Overview
The Translator's Preface to Crime and Punishment serves as a concise biographical introduction to Fyodor Dostoevsky, written by translator Constance Garnett to help English-language readers understand the life experiences that shaped his fiction. Rather than discussing the novel's plot or translation methodology, the preface focuses entirely on the formative events of Dostoevsky's life, from his impoverished childhood to his dramatic brush with execution and the years of suffering that followed.
Early Life and Literary Debut
Garnett begins by describing Dostoevsky's humble origins as the son of a doctor. His parents were deeply religious and hard-working but so poor that the family of seven lived in only two rooms. Despite always being sickly, Dostoevsky performed well at the Petersburg School of Engineering, where he began his first novel, Poor Folk. Published by the poet Nekrassov, the book was received with great acclaim, and the shy young author became an overnight celebrity. However, this promising start was abruptly cut short by his arrest in 1849.

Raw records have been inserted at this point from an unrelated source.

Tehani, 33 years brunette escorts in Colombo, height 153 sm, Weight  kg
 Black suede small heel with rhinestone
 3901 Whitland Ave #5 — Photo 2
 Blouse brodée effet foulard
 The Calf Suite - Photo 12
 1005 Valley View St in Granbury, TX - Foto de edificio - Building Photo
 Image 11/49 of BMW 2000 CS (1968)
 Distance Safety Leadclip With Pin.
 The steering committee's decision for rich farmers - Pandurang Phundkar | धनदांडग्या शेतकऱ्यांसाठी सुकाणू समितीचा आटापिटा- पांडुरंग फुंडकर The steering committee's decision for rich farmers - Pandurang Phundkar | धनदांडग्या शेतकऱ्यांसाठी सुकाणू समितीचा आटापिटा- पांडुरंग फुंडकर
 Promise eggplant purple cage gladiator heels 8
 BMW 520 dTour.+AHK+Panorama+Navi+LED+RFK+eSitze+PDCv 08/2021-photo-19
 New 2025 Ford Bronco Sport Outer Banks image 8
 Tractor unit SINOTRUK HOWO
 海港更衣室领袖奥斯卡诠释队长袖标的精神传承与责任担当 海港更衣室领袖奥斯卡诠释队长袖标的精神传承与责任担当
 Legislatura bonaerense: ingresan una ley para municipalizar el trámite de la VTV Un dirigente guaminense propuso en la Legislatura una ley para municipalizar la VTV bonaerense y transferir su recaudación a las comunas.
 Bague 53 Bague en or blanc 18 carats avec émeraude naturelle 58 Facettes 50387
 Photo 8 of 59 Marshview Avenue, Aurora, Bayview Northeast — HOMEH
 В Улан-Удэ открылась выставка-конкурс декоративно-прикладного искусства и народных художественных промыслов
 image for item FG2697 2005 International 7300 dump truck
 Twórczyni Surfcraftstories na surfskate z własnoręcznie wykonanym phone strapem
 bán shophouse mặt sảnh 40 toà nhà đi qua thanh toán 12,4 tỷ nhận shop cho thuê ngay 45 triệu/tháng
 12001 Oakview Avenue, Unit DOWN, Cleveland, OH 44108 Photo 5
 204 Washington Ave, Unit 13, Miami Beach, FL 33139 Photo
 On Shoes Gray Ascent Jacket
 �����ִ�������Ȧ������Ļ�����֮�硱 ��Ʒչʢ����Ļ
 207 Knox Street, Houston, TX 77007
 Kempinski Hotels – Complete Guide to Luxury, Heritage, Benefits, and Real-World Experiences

The Mock Execution and Imprisonment
The most powerful passage in the preface recounts Dostoevsky's near-execution. Though he was neither a revolutionary by temperament nor conviction, he belonged to a small reading circle that discussed the works of Fourier and Proudhon. Under Tsar Nicholas I, this was enough to warrant a death sentence. Dostoevsky and twenty-one others were led to Semyonovsky Square to be shot. The preface includes his own harrowing letter to his brother Mihail, describing the white execution shirts, the binding to stakes, and the last-moment reprieve when the troops beat a tattoo and the prisoners learned the Tsar had commuted their sentences to hard labor. One fellow prisoner, Grigoryev, went permanently insane from the ordeal.
Later Years and Legacy
Garnett traces the lasting impact of this trauma on Dostoevsky's mind and work. Four years of penal servitude among common criminals in Siberia followed, during which he began The Dead House and developed severe epilepsy. After returning to Russia in 1859, he faced repeated censorship of his journals, the deaths of his first wife and brother, crushing debt, and the pressure of writing at relentless speed. The preface notes that the later years were softened by his devoted second wife. Dostoevsky's famous 1880 speech at the Pushkin monument unveiling brought him extraordinary public adoration, and his funeral shortly after drew mourners who "gave the hapless man the funeral of a king." The preface closes with a Russian critic's tribute describing Dostoevsky as one whose suffering granted him a "wisdom of the heart" that readers seek in order to learn how to live.